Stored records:
_ _ _

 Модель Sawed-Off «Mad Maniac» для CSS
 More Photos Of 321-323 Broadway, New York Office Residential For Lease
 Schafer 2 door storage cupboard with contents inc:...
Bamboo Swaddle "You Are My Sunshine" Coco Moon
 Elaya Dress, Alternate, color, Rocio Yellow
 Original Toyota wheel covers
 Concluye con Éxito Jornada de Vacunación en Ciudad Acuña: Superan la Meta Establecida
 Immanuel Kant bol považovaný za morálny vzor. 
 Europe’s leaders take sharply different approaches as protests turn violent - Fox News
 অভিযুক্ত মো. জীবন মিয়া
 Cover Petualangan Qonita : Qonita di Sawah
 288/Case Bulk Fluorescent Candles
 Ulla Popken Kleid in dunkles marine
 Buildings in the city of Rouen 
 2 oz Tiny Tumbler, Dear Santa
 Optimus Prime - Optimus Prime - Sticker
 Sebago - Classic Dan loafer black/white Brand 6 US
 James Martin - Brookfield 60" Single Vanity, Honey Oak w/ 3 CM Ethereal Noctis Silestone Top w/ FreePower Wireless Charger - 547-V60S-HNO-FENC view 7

_ _ _

| TASK DETAILS |
Copy out the data shown above without altering anything.

| SOLUTION TO THE EXERCISE |
 Модель Sawed-Off «Mad Maniac» для CSS
 More Photos Of 321-323 Broadway, New York Office Residential For Lease
 Schafer 2 door storage cupboard with contents inc:...
Bamboo Swaddle "You Are My Sunshine" Coco Moon
 Elaya Dress, Alternate, color, Rocio Yellow
 Original Toyota wheel covers
 Concluye con Éxito Jornada de Vacunación en Ciudad Acuña: Superan la Meta Establecida
 Immanuel Kant bol považovaný za morálny vzor. 
 Europe’s leaders take sharply different approaches as protests turn violent - Fox News
 অভিযুক্ত মো. জীবন মিয়া
 Cover Petualangan Qonita : Qonita di Sawah
 288/Case Bulk Fluorescent Candles
 Ulla Popken Kleid in dunkles marine
 Buildings in the city of Rouen 
 2 oz Tiny Tumbler, Dear Santa
 Optimus Prime - Optimus Prime - Sticker
 Sebago - Classic Dan loafer black/white Brand 6 US
 James Martin - Brookfield 60" Single Vanity, Honey Oak w/ 3 CM Ethereal Noctis Silestone Top w/ FreePower Wireless Charger - 547-V60S-HNO-FENC view 7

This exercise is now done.